È di qualche settimana la notizia dell’errata attribuzione di tre opere al pittore olandese Vincent van Gogh, apparsa sul numero di ottobre del The Burlington Magazine, rivista mondiale dedicata alle belle arti e alle arti decorative.
L’articolo è il frutto di una nuova analisi scientifica eseguita da Teio Meedendorp, Louis van Tilborgh e Saskia van Oudheusden, trio di specialisti del Van Gogh Museum di Amsterdam, in Olanda.
Presenti in collezioni private e declassati a falsi d’autore dai tre esperti, i tre dipinti riesaminati, per oltre cinquant’anni, sono stati considerati autentici e, nel 1970, catalogati come tali da Jacob-Baart de la Faille.

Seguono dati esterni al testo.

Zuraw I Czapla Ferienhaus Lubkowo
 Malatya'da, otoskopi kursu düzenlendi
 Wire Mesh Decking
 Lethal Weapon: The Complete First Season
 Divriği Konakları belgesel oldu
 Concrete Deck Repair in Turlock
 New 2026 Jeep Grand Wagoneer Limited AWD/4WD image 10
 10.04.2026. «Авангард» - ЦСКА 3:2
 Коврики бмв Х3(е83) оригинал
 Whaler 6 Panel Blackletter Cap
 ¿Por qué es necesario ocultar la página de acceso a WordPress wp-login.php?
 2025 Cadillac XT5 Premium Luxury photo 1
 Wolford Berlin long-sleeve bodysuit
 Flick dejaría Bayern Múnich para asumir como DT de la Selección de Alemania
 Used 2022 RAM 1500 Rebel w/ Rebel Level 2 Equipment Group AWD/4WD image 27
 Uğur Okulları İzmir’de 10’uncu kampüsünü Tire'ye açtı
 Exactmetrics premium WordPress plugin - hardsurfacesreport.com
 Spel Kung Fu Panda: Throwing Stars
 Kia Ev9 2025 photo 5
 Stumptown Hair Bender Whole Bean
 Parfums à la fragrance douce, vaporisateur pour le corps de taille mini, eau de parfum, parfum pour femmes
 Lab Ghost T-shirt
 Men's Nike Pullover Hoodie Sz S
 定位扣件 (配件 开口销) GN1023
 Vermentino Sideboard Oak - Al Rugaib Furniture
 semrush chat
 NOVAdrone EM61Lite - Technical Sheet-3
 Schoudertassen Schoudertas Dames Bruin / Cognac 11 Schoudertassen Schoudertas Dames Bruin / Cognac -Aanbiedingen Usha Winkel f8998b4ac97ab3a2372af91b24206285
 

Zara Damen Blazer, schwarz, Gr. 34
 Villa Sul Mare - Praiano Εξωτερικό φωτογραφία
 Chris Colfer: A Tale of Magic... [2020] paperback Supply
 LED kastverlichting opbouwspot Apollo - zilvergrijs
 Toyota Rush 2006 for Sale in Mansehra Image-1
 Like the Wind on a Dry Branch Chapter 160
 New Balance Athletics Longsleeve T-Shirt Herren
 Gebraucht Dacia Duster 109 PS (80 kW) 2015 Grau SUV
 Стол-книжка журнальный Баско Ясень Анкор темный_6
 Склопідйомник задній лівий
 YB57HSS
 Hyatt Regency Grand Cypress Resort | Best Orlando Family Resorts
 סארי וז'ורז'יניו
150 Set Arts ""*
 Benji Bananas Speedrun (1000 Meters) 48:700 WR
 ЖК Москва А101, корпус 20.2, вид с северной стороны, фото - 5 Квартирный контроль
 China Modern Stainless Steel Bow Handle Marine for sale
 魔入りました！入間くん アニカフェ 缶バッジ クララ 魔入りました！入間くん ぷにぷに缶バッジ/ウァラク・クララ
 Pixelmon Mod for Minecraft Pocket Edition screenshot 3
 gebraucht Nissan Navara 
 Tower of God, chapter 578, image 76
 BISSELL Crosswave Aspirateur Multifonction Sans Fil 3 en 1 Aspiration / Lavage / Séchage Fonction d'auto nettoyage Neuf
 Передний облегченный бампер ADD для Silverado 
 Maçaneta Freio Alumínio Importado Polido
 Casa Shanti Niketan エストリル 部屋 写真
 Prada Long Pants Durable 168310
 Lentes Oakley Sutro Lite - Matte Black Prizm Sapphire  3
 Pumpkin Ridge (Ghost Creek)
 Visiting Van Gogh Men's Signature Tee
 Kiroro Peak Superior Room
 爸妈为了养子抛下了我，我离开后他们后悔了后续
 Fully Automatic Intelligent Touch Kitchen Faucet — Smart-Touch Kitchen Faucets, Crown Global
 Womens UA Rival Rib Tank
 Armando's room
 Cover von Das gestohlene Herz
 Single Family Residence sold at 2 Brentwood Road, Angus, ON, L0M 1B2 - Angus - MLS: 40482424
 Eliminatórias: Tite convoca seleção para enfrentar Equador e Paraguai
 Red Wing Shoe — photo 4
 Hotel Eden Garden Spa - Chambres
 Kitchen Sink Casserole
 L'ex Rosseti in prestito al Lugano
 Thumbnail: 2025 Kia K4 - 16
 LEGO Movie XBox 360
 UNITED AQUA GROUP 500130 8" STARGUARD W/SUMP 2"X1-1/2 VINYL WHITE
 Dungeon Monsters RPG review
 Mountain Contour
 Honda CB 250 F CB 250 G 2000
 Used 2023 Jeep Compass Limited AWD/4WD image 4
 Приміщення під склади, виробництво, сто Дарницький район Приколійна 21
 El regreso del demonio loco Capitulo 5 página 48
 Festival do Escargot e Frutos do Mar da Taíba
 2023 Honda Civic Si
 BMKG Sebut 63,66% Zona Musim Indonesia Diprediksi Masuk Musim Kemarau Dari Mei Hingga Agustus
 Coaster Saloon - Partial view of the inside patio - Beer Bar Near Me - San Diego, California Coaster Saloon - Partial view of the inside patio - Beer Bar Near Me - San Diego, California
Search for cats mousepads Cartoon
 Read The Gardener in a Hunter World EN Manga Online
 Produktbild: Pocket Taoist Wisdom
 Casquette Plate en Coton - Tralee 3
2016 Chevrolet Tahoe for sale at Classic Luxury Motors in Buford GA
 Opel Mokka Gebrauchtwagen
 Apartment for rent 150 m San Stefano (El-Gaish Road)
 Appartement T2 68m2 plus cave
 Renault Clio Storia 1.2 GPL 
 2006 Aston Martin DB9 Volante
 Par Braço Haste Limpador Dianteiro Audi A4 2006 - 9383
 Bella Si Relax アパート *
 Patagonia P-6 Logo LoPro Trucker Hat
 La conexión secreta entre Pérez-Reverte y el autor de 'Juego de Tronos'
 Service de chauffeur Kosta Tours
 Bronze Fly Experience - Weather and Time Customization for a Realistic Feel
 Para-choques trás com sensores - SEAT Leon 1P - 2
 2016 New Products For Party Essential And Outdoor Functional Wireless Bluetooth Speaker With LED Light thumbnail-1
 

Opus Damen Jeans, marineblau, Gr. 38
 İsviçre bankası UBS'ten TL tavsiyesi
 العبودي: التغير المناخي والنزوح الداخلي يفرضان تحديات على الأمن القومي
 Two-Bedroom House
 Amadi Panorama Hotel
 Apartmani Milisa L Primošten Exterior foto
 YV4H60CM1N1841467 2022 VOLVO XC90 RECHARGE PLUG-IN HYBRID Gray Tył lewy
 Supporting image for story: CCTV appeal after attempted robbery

Nel merito, il primo caso sottoposto a verifica è Interior of a restaurant, ritenuto per decenni una seconda versione del più famoso Interior of the Grand Bouillon-Restaurant le Chalet, Paris (1887), conservato in una collezione privata.
Niente di strano se consideriamo che Vincent, di frequente, realizzava diverse repliche dei propri lavori. Apparso intorno agli anni Cinquanta, Interior of a restaurant è sottoposto agli studiosi del museo per una nuova certificazione, che, ovviamente, non viene concessa.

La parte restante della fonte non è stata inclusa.